Initial build cost = €6,000,000 Month one facilities cost = €600,000 Month two facilities cost = €600,000 Month three facilities cost = €600,000 Month four facilities cost = €600,000 Month five facilities cost = €600,000 Month six facilities cost = €600,000 Total cost = €9,600,000
Even if the monthly costs vary it is easy to establish a life cycle cost for this asset. With just six months it is possible to make a useful projection that this asset would cost €78,000,000 over ten years.
When looking at multiple costs associated with multiple assets we have to work a bit harder to get to a lifecycle cost for each asset. If you are maintaining a suite of laptops you will have a variety of costs and these will have to average out to establish a single cost per unit.
One off cost Original purchase cost = €1,000 Set up fee = €300 Disposal = €500 Annual costs Licenses = €200 per year Servicing = €100 per year Network = €100 per year Total five year life cycle costs = €1,800 + (€400 * 5) = €3,800
This is a relatively simple per unit cost, but you may also need to consider replacement parts, replacement products, training and support for the laptops as well.

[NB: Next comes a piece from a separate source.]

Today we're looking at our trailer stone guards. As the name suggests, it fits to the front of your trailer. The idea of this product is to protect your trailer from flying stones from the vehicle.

In this scenario you can model these extra costs in the following way:
Annual replacements 20 invoices received a year, average invoice value = €50 1 laptop a year damaged beyond repair, replacement = €1,300 (purchase + set up) Annual costs Training staff = €40,000 Support staff = €120,000 In a suite of 100 laptops these costs model as follows: Replacement parts: (€50 x 20)/100 = €10 per laptop per year Replacement laptops: €1,300/100 = €130 per laptop per year Training: €40,000/100 = €400 per laptop per year Support: €120,000/100 = €1,200 per laptop per year Additional annual costs = €1,740 per laptop
Having modeled up the costs associated with replacements and support services to help the laptops function, you can combine these costs into an accurate annual cost before projecting the costs to a full lifecycle cost:
One off cost Original purchase cost = €1,000 Set up fee = €300 Disposal = €500 Annual costs Licenses = €200 per year Servicing = €100 per year Network = €100 per year Training & support = €1,600 per year Replacements = €140 per year Total annual costs = €200 + €100 + €1,600 + €140 = €2,040 Total five year life cycle costs = €1,800 + (€2,040 * 5) = €12,000
We’ve taken the initial cost of a laptop at €1,000 and determined that the actual cost of owning and maintaining these laptops will be closer to €12,000 per laptop. This is a useful insight for buyers, because it clarifies that the primary cost of running the laptops is the €1,600 per year spent on support and training.
A second laptop that has a better user interface and requires less overall support may well represent better value for money, despite having a much higher unit cost. In the following scenario a laptop costing twice the unit cost but half the support provides a lifecycle cost of €9,000 per unit and a 33% saving on the cheaper unit.
One off cost Original purchase cost = €2,000 Set up fee = €300 Disposal = €500 Annual costs Licenses = €200 per year Servicing = €100 per year Network = €100 per year Training & support = €800 per year Replacements = €140 per year Total annual costs = €200 + €100 + €800 + €140 = €1,240 Total five year life cycle costs = €2,800 + (€1,240 * 5) = €9,000
In this scenario we are combining actual data on the value of an asset, using sampled data on replacements and projected support costs to determine the lifecycle cost of a single asset. We’re also showing how life cycle costing to show that unit costs may not be the best indicator of true value and that meaningful research is required to show where value for money savings can be made.